» EXERCISE PROMPT
Using the records below, quote only the span that opens with the line containing "Efecto del granizo" and closes with the line containing "Besler Pl. 193, Turkish", exactly and inclusively.

» DATA SUPPLIED

━━━━━━━━━━━━━━━━

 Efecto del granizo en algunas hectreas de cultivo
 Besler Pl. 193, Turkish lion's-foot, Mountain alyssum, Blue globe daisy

━━━━━━━━━━━━━━━━

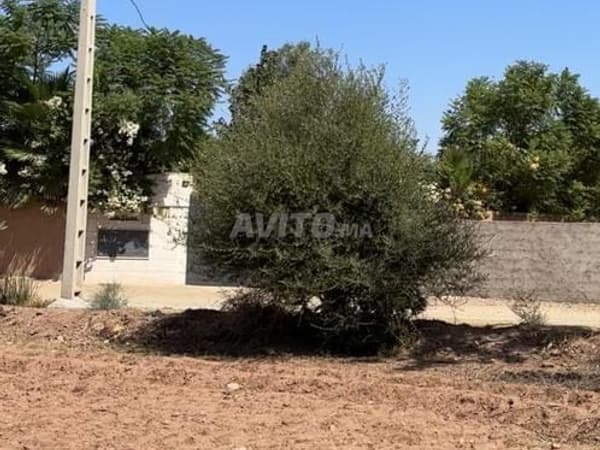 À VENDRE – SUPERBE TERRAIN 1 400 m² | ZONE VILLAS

━━━━━━━━━━━━━━━━

» RESPONSE BELOW
 Efecto del granizo en algunas hectreas de cultivo
 Besler Pl. 193, Turkish lion's-foot, Mountain alyssum, Blue globe daisy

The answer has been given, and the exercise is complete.